It seemed hours later when he at last stirred himself. Sobbing, he carried Nicetas out to a place near the mouth of the crevice, where the sand had drifted in, and with his hands he dug there a grave. All along the base of the hillside were many loose brown stones, chipped away by the eternal wind. With bleeding hands he piled the stones high over Nicetas's body, but tried to make the pile look like a rock slide, so that no one would know someone was buried here. He knelt, weeping and talking to Nicetas's spirit, until the sun was low in the west.


As Nicetas had told him to do, Daoud had pretended, when he came back from the desert, that he had no idea what had happened to his friend. The naqeeb had declared that Sudanese tribesmen or wild animals must have gotten him. Daoud was not alone in his grief. Many of the boys in the troop had liked Nicetas.

Even Kassar had said words of sympathy, his face expressionless and his slanted eyes opaque. Daoud held in his rage, a white-hot furnace in his heart, and in a choked voice he thanked Kassar.

At first he went about in a daze, unable to think.
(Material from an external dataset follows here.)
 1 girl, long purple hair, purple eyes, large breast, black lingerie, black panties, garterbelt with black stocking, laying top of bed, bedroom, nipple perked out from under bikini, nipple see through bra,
He told himself that in spite of his dissembling, Kassar would be on guard. He would have to choose a time to take his revenge when Kassar would be preoccupied. And Daoud himself must be alert at all times. Kassar might not be satisfied with killing only Nicetas. In spite of these warnings to himself, Daoud's mind remained numb. He was, he told himself, like a mall ball, hit one way by grief, the other way by rage, unable to take control of his destiny.

That thought of mall gave him the beginning of a plan.

He let three months go by from the day he found Nicetas. His plan was very simple. It left much to luck, and it might fail utterly—Kassar might anticipate what he was going to do and turn the moment against him, killing him and claiming he was defending himself. Kassar's friends might thwart Daoud.

He would have only this one chance. If he failed, he would be dead or crippled. Or worst of all, cast out of the Mamelukes to spend the rest of his life as a ghulman, a menial slave. But if he succeeded, Nicetas would be avenged before Baibars and Sultan Qutuz and all Daoud's and Nicetas's khushdashiya.

Whatever punishment might befall him then, he thought he could bear it for Nicetas's sake.